- What is required
An exact copy is the goal: every line from the one containing "Maison 7 pièces 173 m²" to the end of the material below, pictures excluded.
(Data segment)
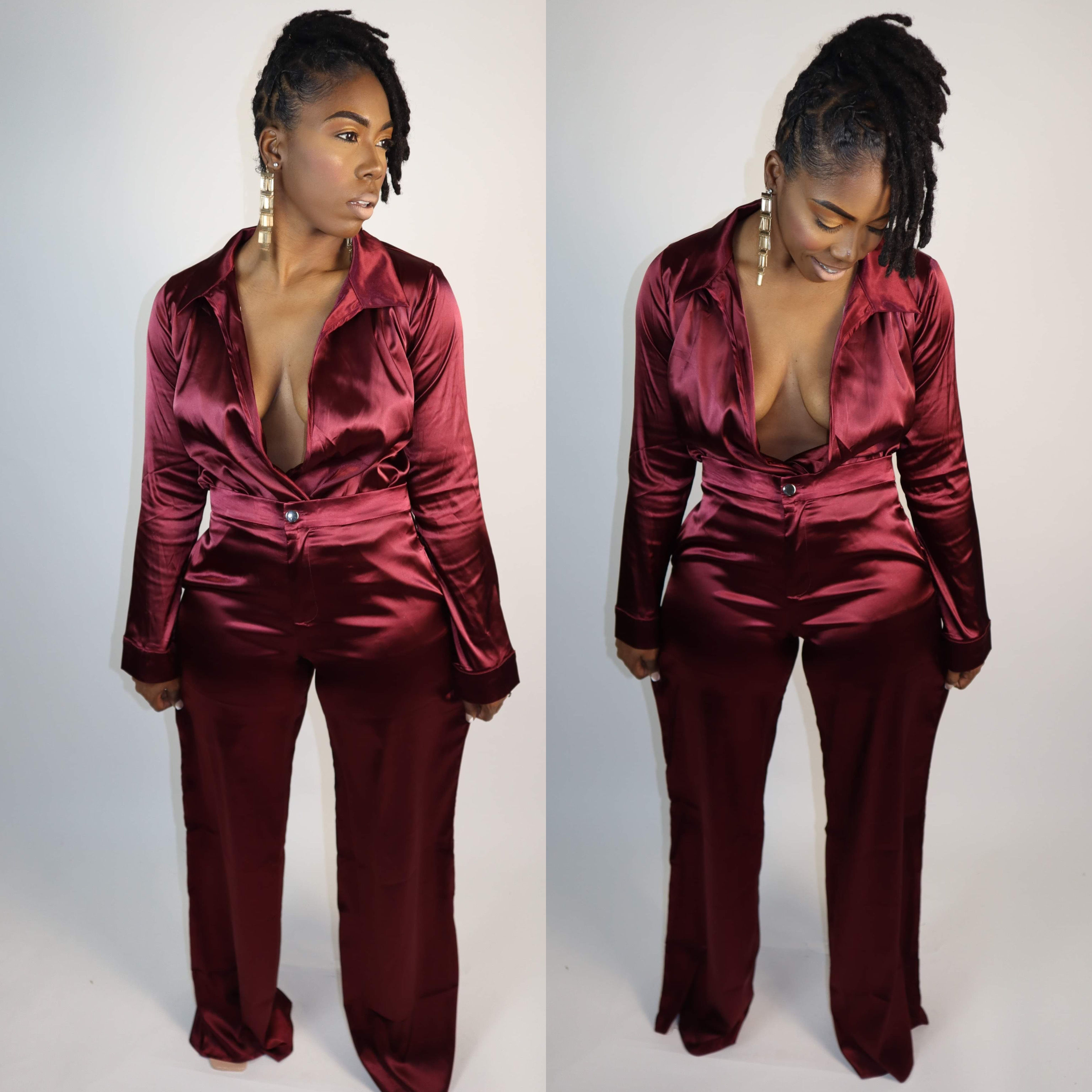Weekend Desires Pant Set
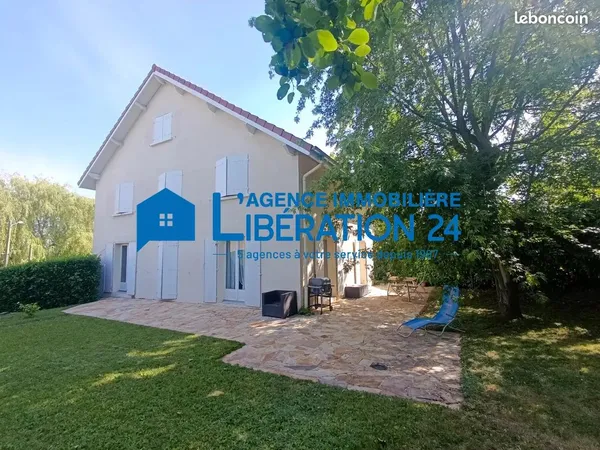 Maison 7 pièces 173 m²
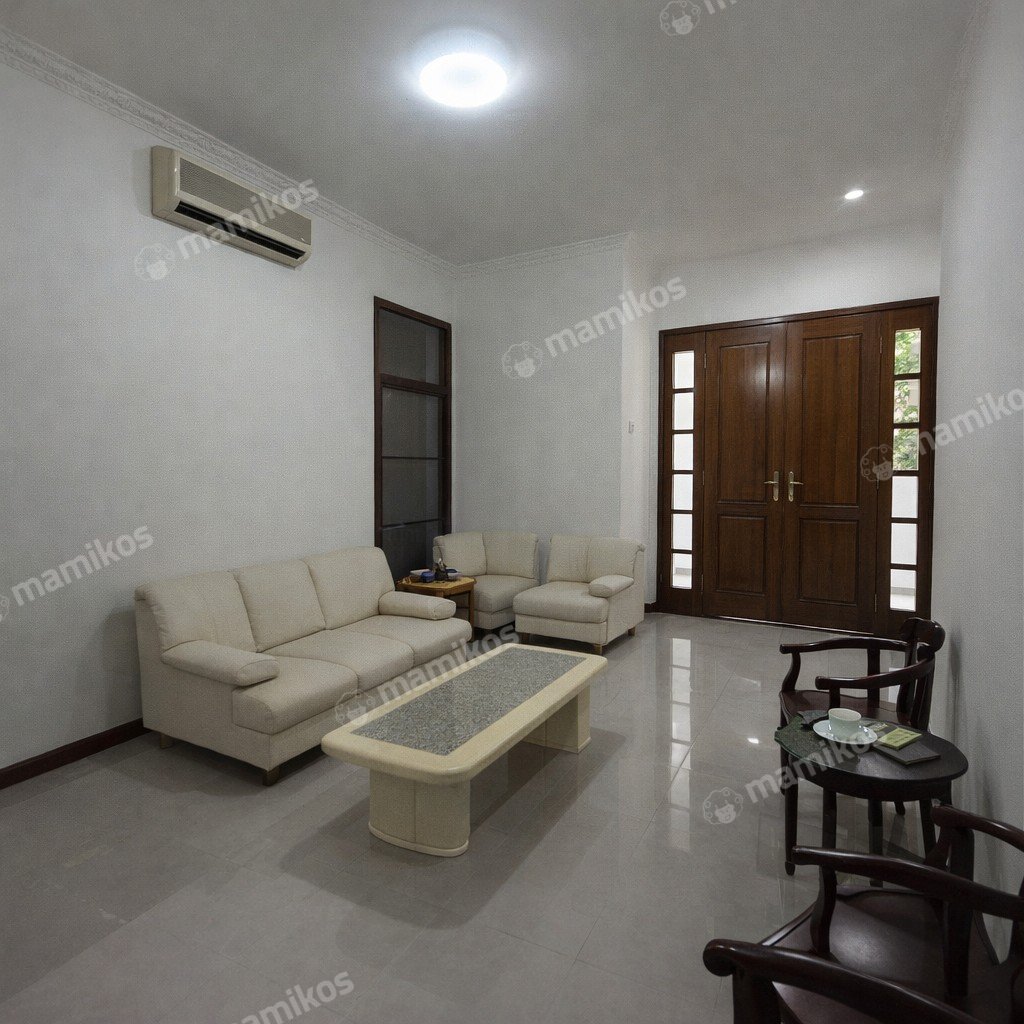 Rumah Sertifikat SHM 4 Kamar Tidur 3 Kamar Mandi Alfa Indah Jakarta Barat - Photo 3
(End Data segment)
- Exercise solution
 Maison 7 pièces 173 m²
 Rumah Sertifikat SHM 4 Kamar Tidur 3 Kamar Mandi Alfa Indah Jakarta Barat - Photo 3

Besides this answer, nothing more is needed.